The Happiness Experiment

I’ve just received and read The Happiness Experiment, a new book by my friend Carl B Barney. And a very interesting read it is. 

A bit of background. Carl is an entrepreneur who was much influenced by the individualist author Ayn Rand (author of Atlas Shrugged and The Fountainhead, among much else). She maintained that you should pursue your rational self-interest, and that means pursuing happiness, everyone’s ultimate goal. Not the fleeting happiness of eating an ice cream and such, but your long-term happiness in your career, relationships, and creative work.

Carl describes how a near-death experience caused him to think more deeply about happiness in life. It’s something that’s not as elusive as people think, he says. Rather, it is something that needs to be cultivated through conscious effort. That requires self-awareness, the application of reason, and proactive decision-making.

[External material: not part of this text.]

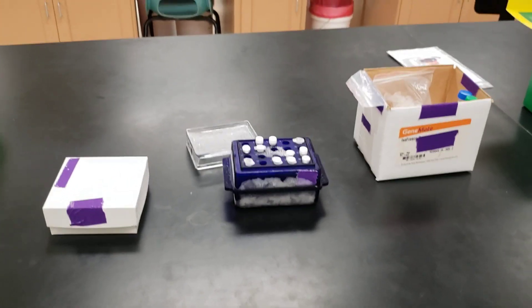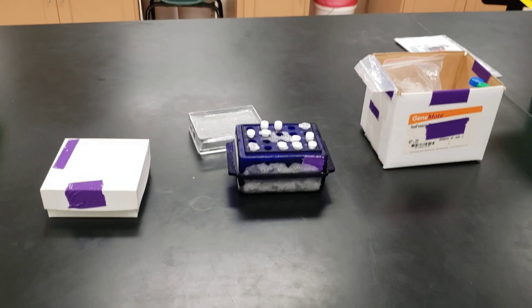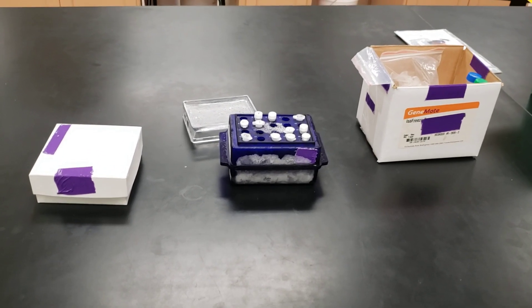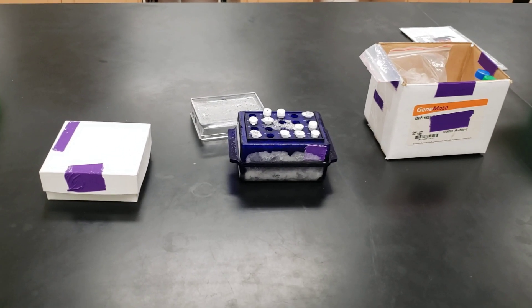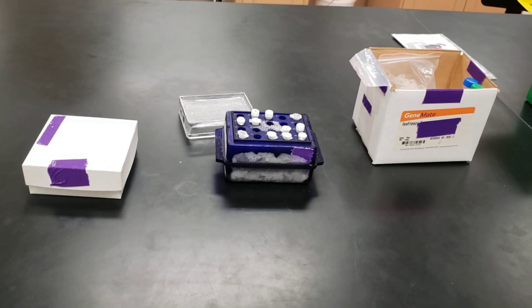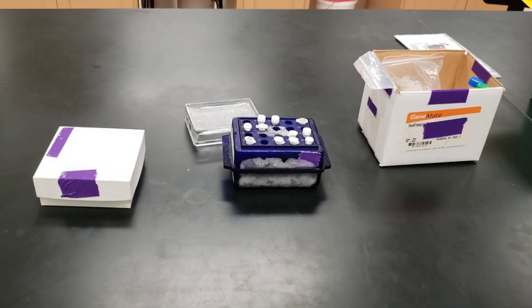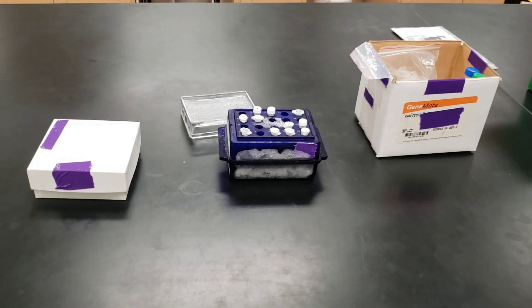This system makes students more likely to help each other. If you can't use a pipette correctly, you need to ask somebody next to you because you don't want to contaminate enzymes someone else will use. Likewise, if you see someone having problems, you want to help them because they'll be using your enzymes or kit reagents for plasmid isolation later. It is to your advantage to make sure they are doing it right — I really want them to work together.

After his near-death experience, he realised more urgently the importance of living with purpose and intention. And the importance of instilling that urgency in the minds of the friends he cared for. So, he hit on something novel. Instead of leaving financial bequests to friends after death, why not leave them pre-quests while still alive? And those pre-quests could be more than just money—they could also be opportunities, helping start a business, mending family relationships, encouragement, or many other kinds of practical and emotional support. So, he distributed ‘Happiness Grants’ to twenty friends, each of whom he thought could use them usefully. Indeed, he made a point of talking it through with each friend, encouraging them to think more deeply about what support might help them best and how they would use that support to promote their own long-term rational self-interest and happiness.

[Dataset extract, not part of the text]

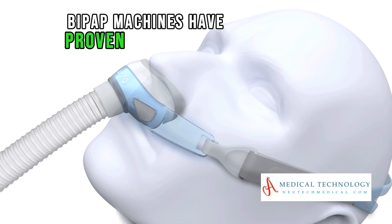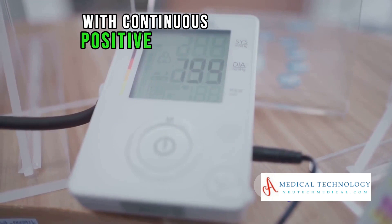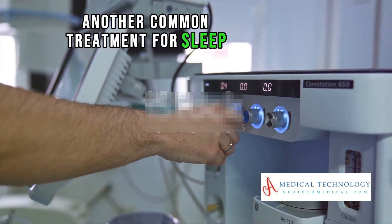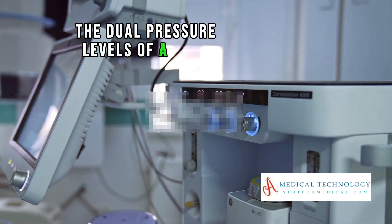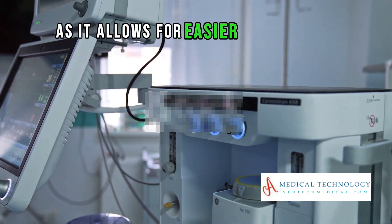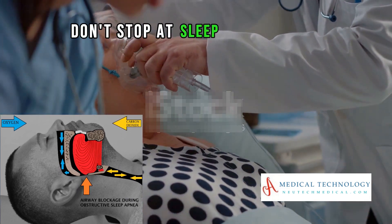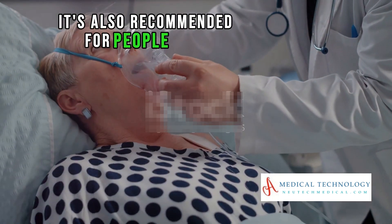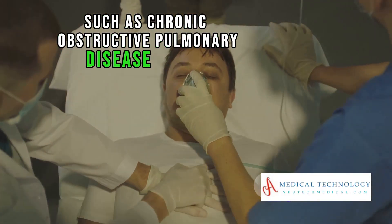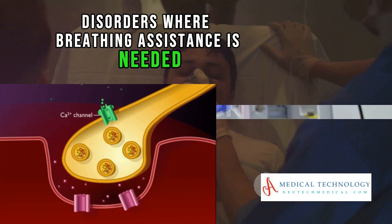BiPAP machines have proven to be a game-changer for individuals who have difficulty with Continuous Positive Airway Pressure, or CPAP therapy, another common treatment for sleep apnea. The dual pressure levels of a BiPAP machine can be more comfortable for some patients as it allows for easier exhalation. It's also recommended for people with conditions such as COPD and neuromuscular disorders where breathing assistance is needed.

That, he says, is a win-win. The benefit to the recipient is obvious. To the giver, there is the joy of knowing that their thoughtful, targeted help has changed people’s lives. So, everyone ends up happier. And the recipients really think through how they can best use that support and strive to show how it has—something you do not see with after-death bequests that come unexpectedly, and not necessarily at the best time.

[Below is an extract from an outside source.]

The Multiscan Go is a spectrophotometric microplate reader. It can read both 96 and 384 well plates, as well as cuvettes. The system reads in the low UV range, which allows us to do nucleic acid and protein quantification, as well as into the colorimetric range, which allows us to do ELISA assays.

In a purposeful yet conversational, jargon-free style, Carl tells the story of his personal journey and tells the story of his twenty pre-quest recipients and how they fared. Each is a little case-study about the nature of happiness and how to achieve it, clearly told. They are very diverse stories about very diverse people, each with a different take on what happiness means to them. But the author weaves them into a unified threat against the background of his philosophical outlook, following Rand’s ideas on value, virtue and egoism—that is, pursuing your own happiness without harming others. And they show how single acts of generosity—often quite small ones—can ripple out and cause other great things.

The book is noteworthy for its optimism about generosity and happiness, and it is a practical lesson in how to do the first and maximise the second. It challenges readers to re-think how they spend their time, money and experience in ways that demonstrably benefit not only themselves but all the friends and family whom they love and admire. 

Carl B Barney, (2025) ‘The Happiness Experiment’. Austin, TX: Greenleaf Book Group Press.